Como Park Zoo |
I have just returned from a 12-day vacation. I knew ahead of
time that it would be complicated; it involved some intricate travel arrangements,
more than a dozen other people and a highly sentimental journey to the place I’d
spent much of my childhood.
We landed at Wold-Chamberlain Field, more commonly known as
the Minneapolis-Saint Paul International
Airport. As a child, it was not uncommon
for my family to return from church, the wonderful scent of a roast in the oven
heralding the imminent arrival of our big Sunday meal -- which we knew would be
followed by a ride to the airport to watch the planes land and take off. Air
travel was still new and fascinating back then. Now only the name,
Wold-Chamberlain, remains familiar though those long-ago memories remain sharp
and dear.
Securing a rental car, we headed to Como Park Zoo, another childhood
haunt only blocks from the brick and stucco house that I had called home for so
many years. I audibly gasped as we passed familiar streets: Lexington, Larpentuer, Snelling, Hamline. I
had often traveled these streets but now only the names were familiar -- the
other landmarks long gone or changed beyond recognition. The zoo itself is now an
animal sanctuary, educational center and amusement park. Blessedly gone were
the tiny cramped cages that defined zoos of the 1940s and ‘50s where a solitary
bear would circle in bored captivity or the monkeys would screech and hurl food
or feces in frustration.
Not everything about “the good old days” was good though; I
was too young and ignorant to see the cruelty that existed in this place that
had been my backyard and playground. In this particular case, I was thankful that
only the name was familiar. And, yes, I have recollections of a happy childhood
walking daily and blissfully to Como Park unaccompanied, it was a time when
kids were safe to roam unencumbered and unclouded by adult concerns.
Now, clouded with the adult concern about whether or not I’d
be able to walk the long distances on a hot day that a thorough visit would
require, I sought refuge on a bench in a cool, breezy corridor between the
amusement park and the zoo – and I was not alone.
As I “people-watched,” I saw blonde pigtails on little girls
that must have been the Nordic grandchildren and great-grandchildren of my
peers. Surely they carried names like Anderson or Erickson, Peterson or
Pederson, Lindquist or Sandquist. But I saw something else too. I saw families of every color and ethnicity.

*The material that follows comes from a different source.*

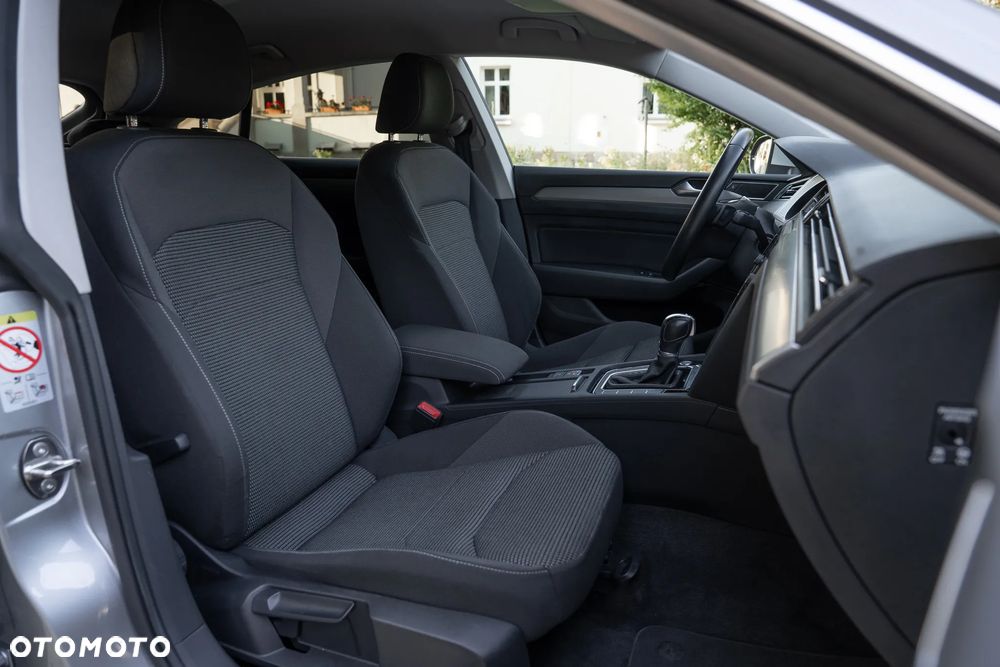 Volkswagen Arteon 2.0 TDI SCR DSG - 8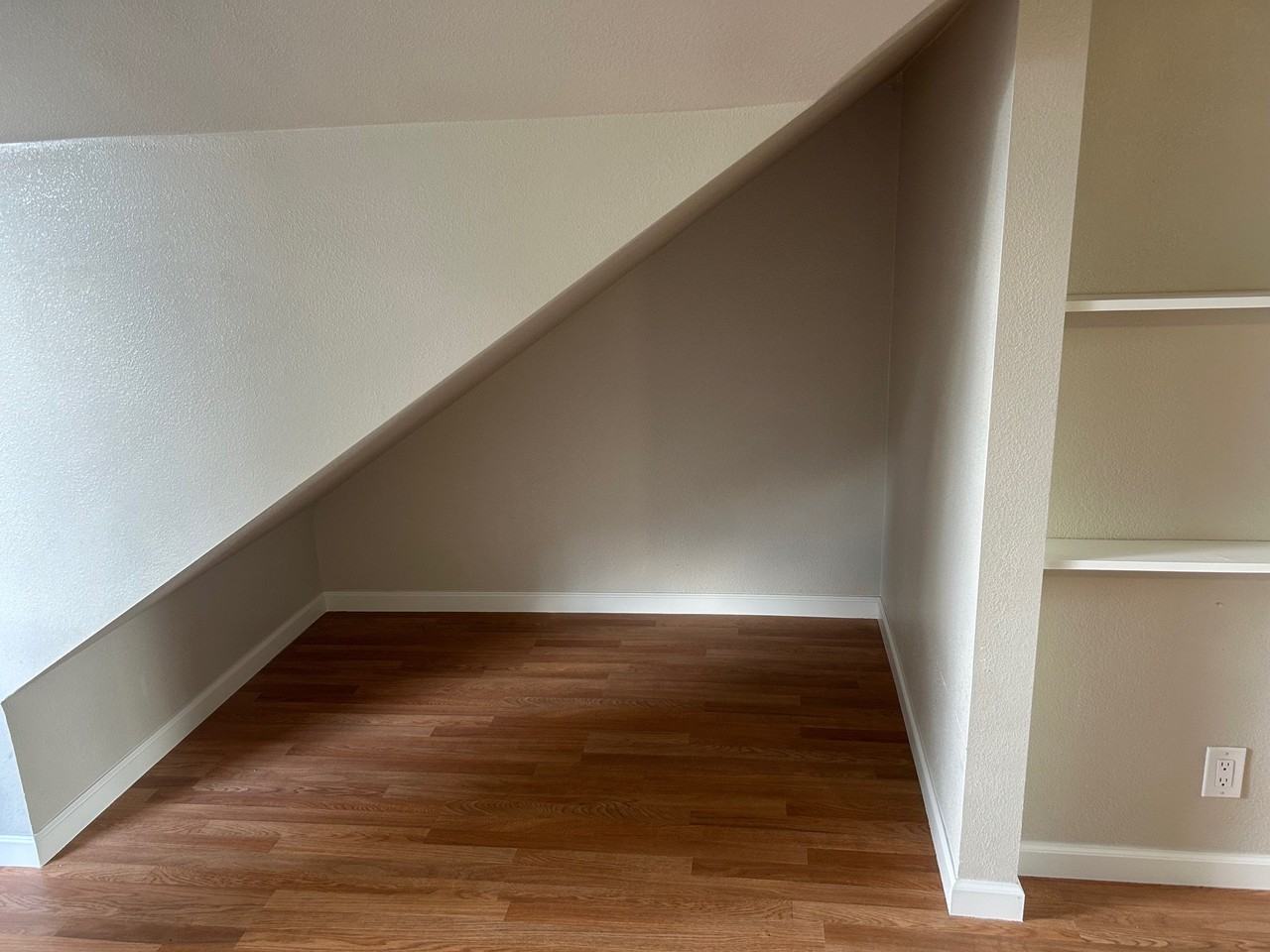1780 Grace Ave - Photo 5 of 19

A tall black man wore a T-shirt emblazoned with the
printed message “I’ve had enough adulting for one day.” A few minutes later, a
slight, grandfatherly man who appeared to be of Asian descent ambled by clad in
the identical T-shirt -- how universal a sentiment that phrase is some days! Another
memorable passerby was a tiny boy with caramel-colored skin whose shirt declared
the ultimatum: “Only Good Vibes Today.” I could only guess at the complicated,
meandering paths that brought this mix of color to what I remembered as such a
historically white state.
While this made it markedly different than it
was when my memories were first formed some 70 years ago, what hadn’t changed
at all was the fact there were families enjoying a day outside – and together --
trying to create memories that would sustain them over the ensuing decades –
just as mine had sustained me on this sentimental journey. If I knew where to
buy one, I would have purchased a T-shirt to match the one worn by the little boy
with the caramel-colored skin!
Sitting on that bench, seven decades into my journey that
brought me back to where I grew up, my head began to spin. There would be many
more observations and complications to be sure -- I was only 12 hours into my
vacation after all -- but already I found it hard to believe that joy and sadness
could simultaneously occupy the same space in my heart.